Cette étude prospective réalisée par un groupe d’experts en économie, en droit, en sciences sociales, en histoire, en environnement, et d’autres encore, a démarré en  janvier 2009. Dans l’introduction de l’ouvrage présenté cet après-midi à Tunis, l’expert en relations internationales, Ahmed Ounaïes rappelle que le travail devait durer entre 12 et 14 mois, mais la révolution qui a éclaté en décembre 2010 avait changé le contexte. «Cet évènement n’a, en rien changé, l’âme de ce travail. Il a mis à l’épreuve la pertinence des principes arrêtés et les a confirmés, à savoir : l’existence d’une impasse, le sentiment de déception et l’absence de perspectives », peut-on lire. 

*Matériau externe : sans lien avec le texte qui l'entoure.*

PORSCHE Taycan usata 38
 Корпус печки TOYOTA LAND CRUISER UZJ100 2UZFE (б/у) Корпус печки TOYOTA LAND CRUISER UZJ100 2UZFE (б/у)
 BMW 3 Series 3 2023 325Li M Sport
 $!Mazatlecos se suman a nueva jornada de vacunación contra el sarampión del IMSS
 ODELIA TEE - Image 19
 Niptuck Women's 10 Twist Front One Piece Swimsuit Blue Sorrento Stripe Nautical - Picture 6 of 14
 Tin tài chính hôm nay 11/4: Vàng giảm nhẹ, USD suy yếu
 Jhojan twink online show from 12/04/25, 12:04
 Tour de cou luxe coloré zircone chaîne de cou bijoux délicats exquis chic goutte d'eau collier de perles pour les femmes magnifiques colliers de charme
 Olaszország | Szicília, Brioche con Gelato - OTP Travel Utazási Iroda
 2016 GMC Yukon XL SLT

Selon Ahmed Ounaïes, la Tunisie vivait une période de stagnation et de dégénérescence dont était coupable le régime en place. « Les mouvements sociaux qui voyaient le jour témoignaient de la fragilité politique et du déséquilibre régional  qui régnait ». Il a évoqué le soulèvement des habitants du bassin minier de Gafsa en 2008, celui de Ben Guerdane en août 2009, jusqu’à la réélection pour un 5ème mandat de Ben Ali, provoquant le ras-le-bol général en décembre de la même année, et qui a provoqué la chute du régime.  
 
Et Habib Guiza d’ajouter que le travail de prospection a été étayé par l’organisation de trois universités d’été et 20 conférences, faisant participer la société civile, pour renforcer le contenu et collecter le plus d’idées possibles. 

Le sociologue Abdelkader Zghal a pour sa part parlé de son expérience au sein du projet. Il a expliqué que le projet  était au départ, adressé à la société civile et non pas à l’Etat. « Comment ceci a-t-il germé ? En 2004, nous étions avec des intellectuels assis à la terrasse d’un café, et nous avions vu flâner des jeunes femmes voilées. Nous nous sommes alors interrogés sur l’existence d’outils pour étudier ce phénomène qui, selon nous, allait caractériser les 20 années prochaines années. En effet il n’existait pas d’outils ». 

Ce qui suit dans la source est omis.